## [Material for this task]

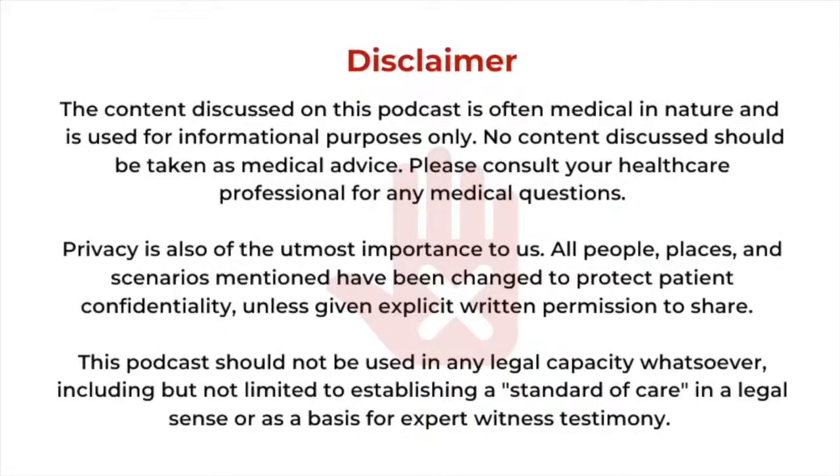The content discussed on this program is often medical in nature and is used for informational purposes only. No content discussed should be taken as medical advice. Please consult your healthcare professional for any medical questions.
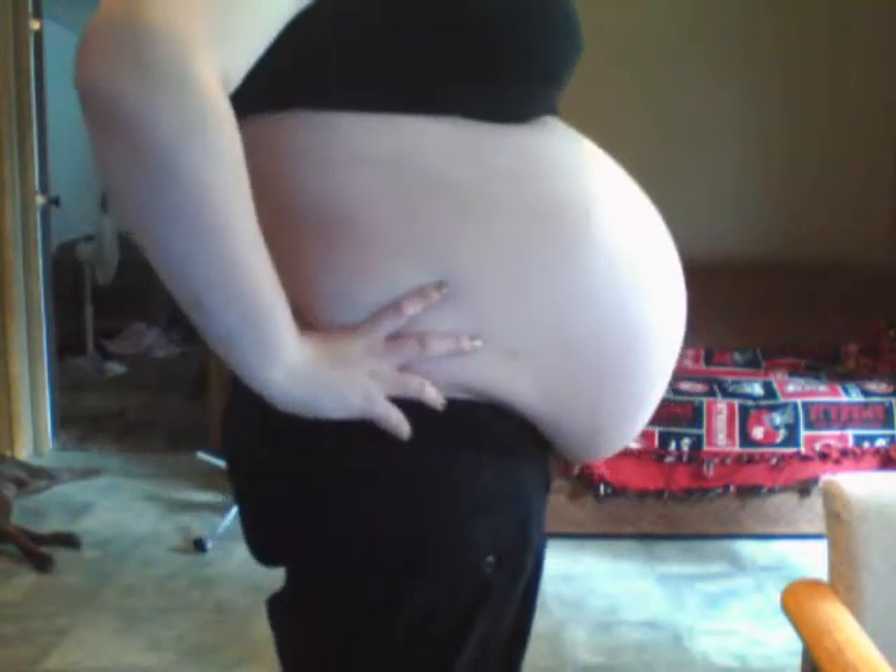I'm at 37 weeks, woohoo! Three weeks to go if he doesn't decide to come early, which I'd be okay with. We're ready and everything. The only problem I would have is the fact that my dad is flying home from Kuwait and he'll be here on the 4th, so I want this little guy to wait until at least the 5th so he's here and my mom's on vacation from work and they don't miss the birth.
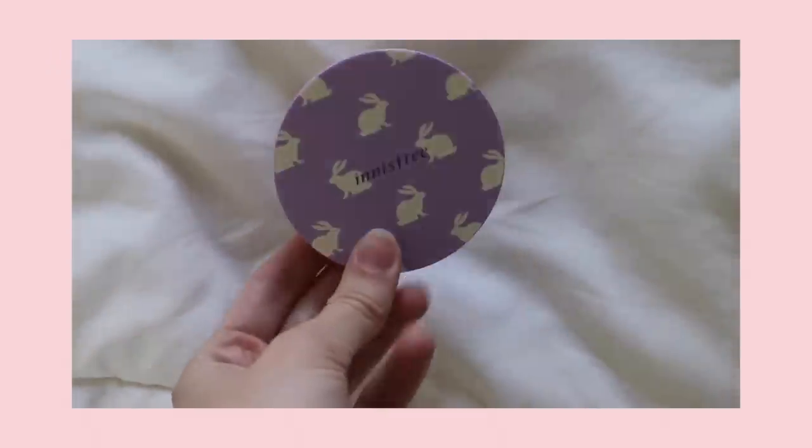The other thing that I got from Innisfree is one of their cushion cases. I have two foundations that I like to use from Innisfree — I like the full coverage matte one and then I like the aqua cushion foundation. However, I didn't have a case for both of them, so I was kind of switching out the insert when I was traveling depending on which foundation I wanted to bring. It comes like this and then you buy the insert for what kind of foundation you want. I just needed a new compact since I had two foundations from them that I love, so I picked up this little purple one with bunnies on it.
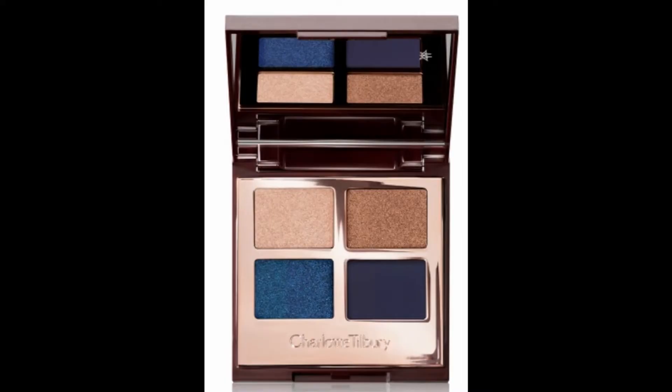For eyes, I went in with the Charlotte Tilbury Super Blue Eyeshadow Quad — I've been absolutely loving this quad because it has neutral colors as well as beautiful blue colors that can smoke out your eye perfectly without looking overdone. For cheeks, I went in with Holika Holika Apricot Jelly Cream Blusher, and for contour I used the Too Faced Tutti Frutti Pineapple.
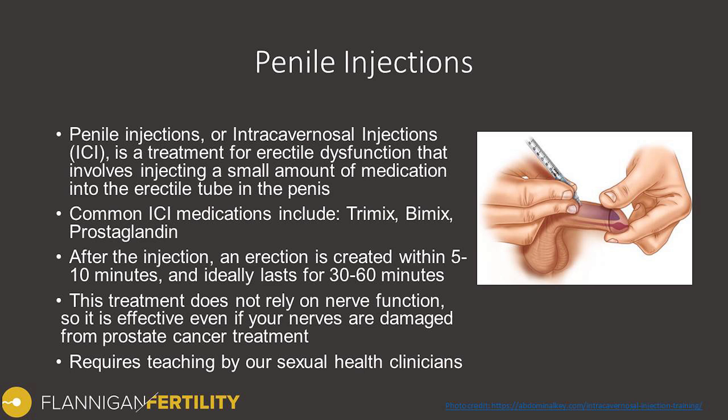After a man performs an injection, typically the erection starts within 5-10 minutes. Once we arrive at an appropriate dose, that erection is going to last for about 30-60 minutes. The treatment itself doesn't rely on nerve function, so it's effective even if your nerves have been damaged — perhaps you've had a prostatectomy for prostate cancer. The medication acts locally within the shaft of the penis and can stimulate that muscle to create an erection despite the nerves not being present.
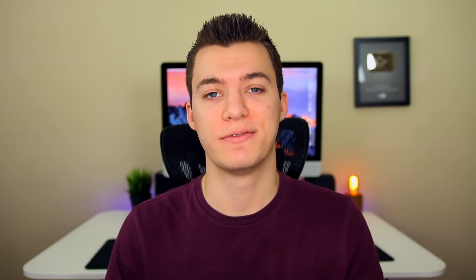Since CoolStar deactivated his Twitter account, does that mean we're not getting the final release of Electra with Cydia? No. Pixl, one of the developers helping with Electra, tweeted that Electra will be finished — hopefully with CoolStar, but it will still be finished without him. He then followed up saying it looks like they will be finishing it with CoolStar after all. So we will be getting the final release, but it has been slightly delayed due to the harassment. Don't install the leaked version.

## [About this task]
Please print, exactly as given, the lines running from the beginning of the listing through the line containing "I'm at 37 weeks, woohoo!", omitting each picture.

## [Solution to this problem]
The content discussed on this program is often medical in nature and is used for informational purposes only. No content discussed should be taken as medical advice. Please consult your healthcare professional for any medical questions.
I'm at 37 weeks, woohoo! Three weeks to go if he doesn't decide to come early, which I'd be okay with. We're ready and everything. The only problem I would have is the fact that my dad is flying home from Kuwait and he'll be here on the 4th, so I want this little guy to wait until at least the 5th so he's here and my mom's on vacation from work and they don't miss the birth.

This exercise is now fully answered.